NBA

Rookie Taylor keys Nets’ overtime win

INDIANAPOLIS — With Deron Williams in New York getting platelet rich plasma treatment on his ailing ankles, rookie Tyshawn Taylor thought he might get a chance to play against the Pacers last night.

“I felt like [Nets interim coach P.J. Carlesimo] was gonna put me out there and see how it went,” Taylor said. “If I played good, keep him in, and if he doesn’t take him out.”

It turned out Taylor was right. Carlesimo put him in and left him in for all of the fourth quarter and overtime, and was rewarded when Taylor made a pair of crucial plays as the Nets (30-22) picked up a desperately needed 89-84 win in front of 11,672 at Bankers Life Fieldhouse.

Playing a career-high 34 minutes, Taylor finished the game with 12 points and two assists on 5-for-9 shooting after Carlesimo chose to ride him down the stretch instead of going back to starter C.J. Watson, who went 0-for-7 from the field.

“I thought C.J., coming off being sick, there was a lid on the basket for him, and Tyshawn was just doing good things,” Carlesimo said. “Tyshawn was breaking down the defense, and if he looked shaky or didn’t look good, I wouldn’t have gone to him.

“That’s what it takes some nights. Some nights it’s somebody else playing better and you bite the bullet and say, ‘Hey, we’re going with him.’ He was playing better tonight.”

After Joe Johnson tied the game at 76 with a jumper from the right side of the lane with 13 seconds left in regulation, Pacers forward David West missed a runner at the buzzer over Brook Lopez (who led the Nets with 25 points) that would have won the game for Indiana (31-21).

Instead, the game went to overtime, where Taylor became the unlikely hero. After Indiana’s Roy Hibbert opened the scoring with a free throw to put Indiana up 80-79, the precocious rookie scored the next four points for the Nets to give them the lead for good.

The first two points came on a circus shot from the wing. Taylor lost track of the shot clock, then turned and fired a shot up that somehow went in — despite the fact Taylor barely looked at the rim before letting it go — after Johnson yelled at him to shoot.

“I wasn’t paying attention to the shot clock, which is rule No. 1,” Taylor said. “You have to do that as a point guard. … I heard Joe Johnson say, ‘Shoot it!’ So I turned around and shot it.”

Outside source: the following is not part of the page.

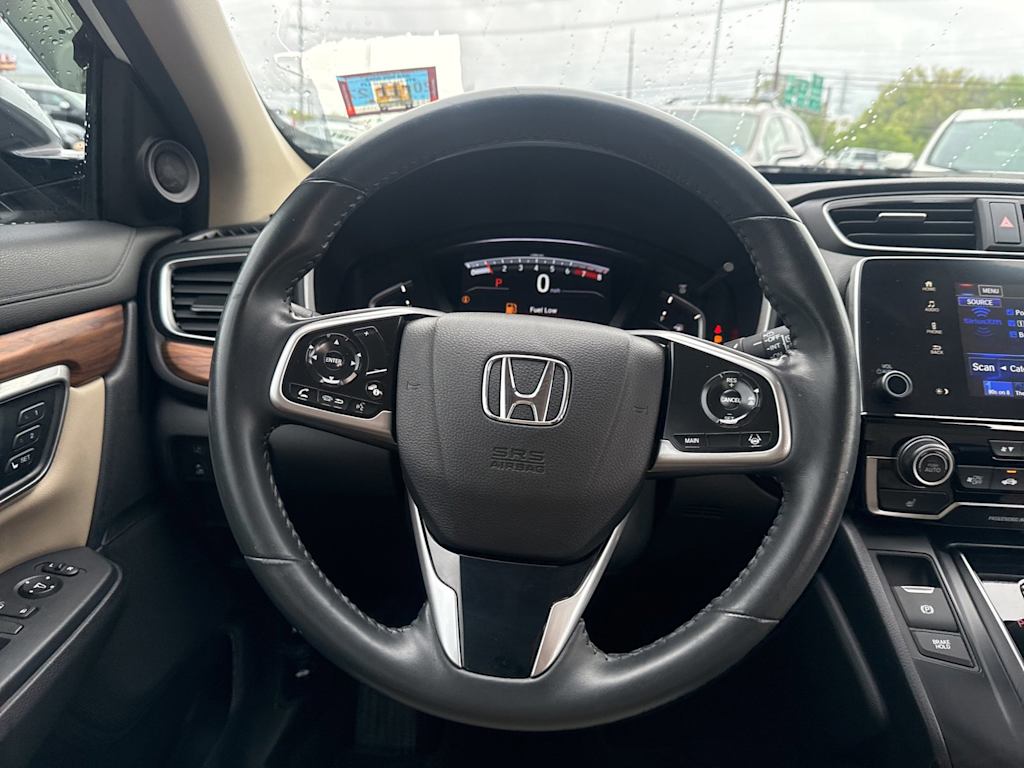 Thumbnail: 2020 Honda CR-V - 11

Taylor followed with a driving layup on the next possession to put the Nets up 80-77 and they stretched the lead to six after a Gerald Wallace 3-pointer and a tip-in by Reggie Evans, who finished with eight points and 22 rebounds.

Johnson hit four free throws in the final seconds to give the Nets a win after they entered last night’s game having lost three out of four and six out of nine.

“I’m happy for [Taylor],” Johnson said. “He’s a guy that comes in and works hard and to get an opportunity to play, and not only play but play in a clutch and crucial situation, that was big for us tonight.”